__EXERCISE__
Among the entries below, copy only the span from the line containing "Ferrari F12 Geggotasu pour GTA 4" through the line containing "FUTBOL ALMERIA PLATA.natacion". Do so exactly, and skip the pictures.
** PROVIDED RECORDS follows **
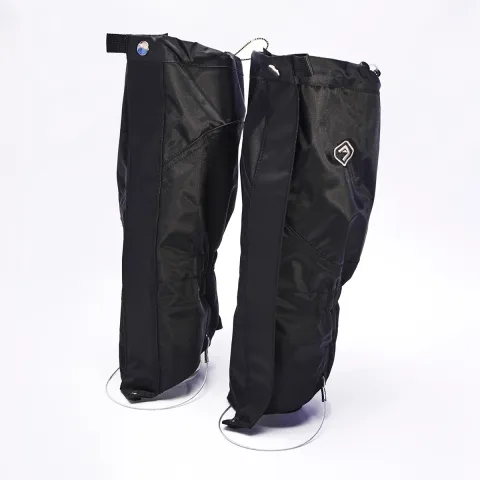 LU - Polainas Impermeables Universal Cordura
** End of PROVIDED RECORDS **
** PROVIDED RECORDS follows **
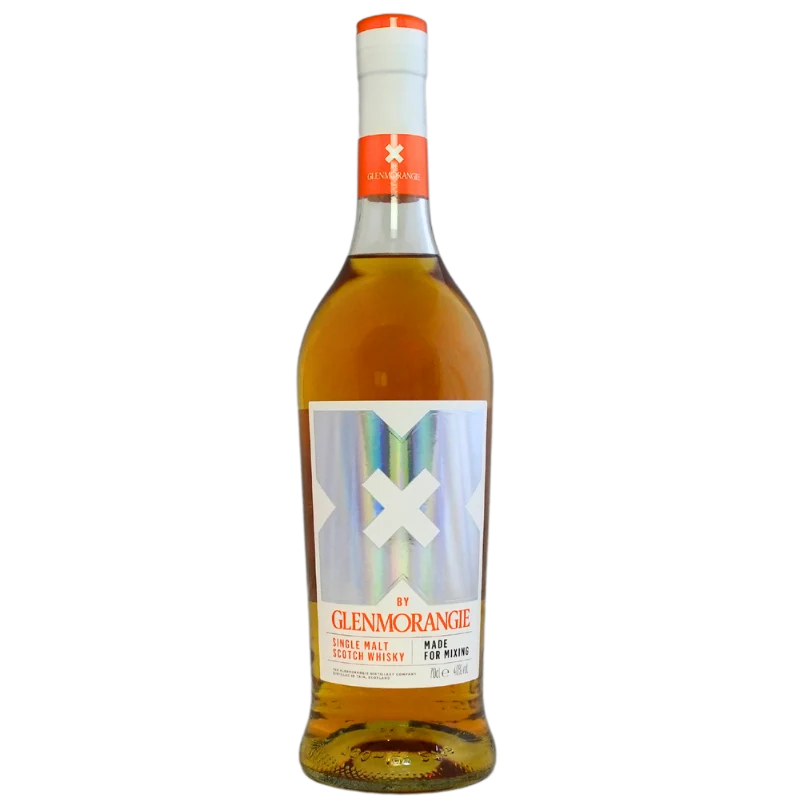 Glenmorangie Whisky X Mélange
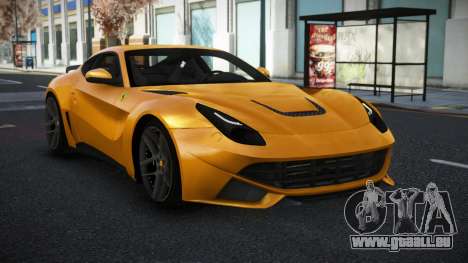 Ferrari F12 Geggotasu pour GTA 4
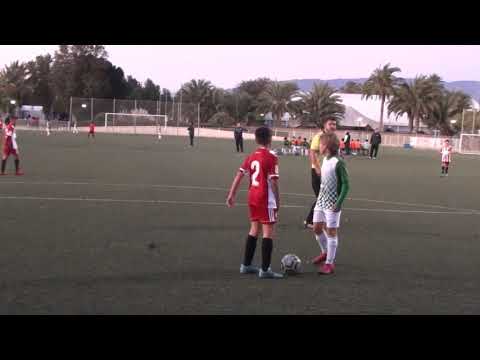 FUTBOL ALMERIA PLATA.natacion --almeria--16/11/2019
** End of PROVIDED RECORDS **
** PROVIDED RECORDS follows **
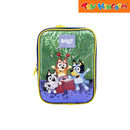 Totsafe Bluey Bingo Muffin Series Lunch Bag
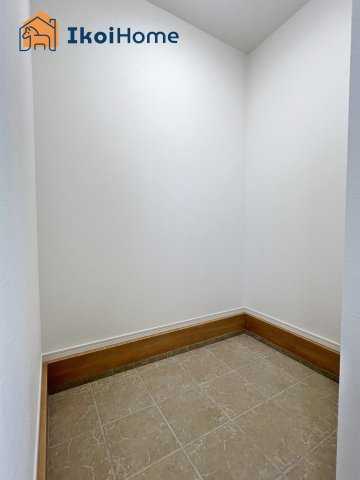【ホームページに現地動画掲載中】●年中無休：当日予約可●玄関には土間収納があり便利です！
** End of PROVIDED RECORDS **
__ANSWER__
 Ferrari F12 Geggotasu pour GTA 4
 FUTBOL ALMERIA PLATA.natacion --almeria--16/11/2019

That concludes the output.